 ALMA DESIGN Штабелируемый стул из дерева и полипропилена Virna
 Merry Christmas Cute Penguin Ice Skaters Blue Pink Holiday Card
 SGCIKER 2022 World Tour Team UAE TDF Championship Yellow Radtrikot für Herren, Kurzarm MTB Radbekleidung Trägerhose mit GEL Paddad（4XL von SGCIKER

◆ Work to be completed ◆
Print, exactly as they appear above, the lines running from the one with "Merry Christmas Cute" through the final line.

◆ Response below ◆
 Merry Christmas Cute Penguin Ice Skaters Blue Pink Holiday Card
 SGCIKER 2022 World Tour Team UAE TDF Championship Yellow Radtrikot für Herren, Kurzarm MTB Radbekleidung Trägerhose mit GEL Paddad（4XL von SGCIKER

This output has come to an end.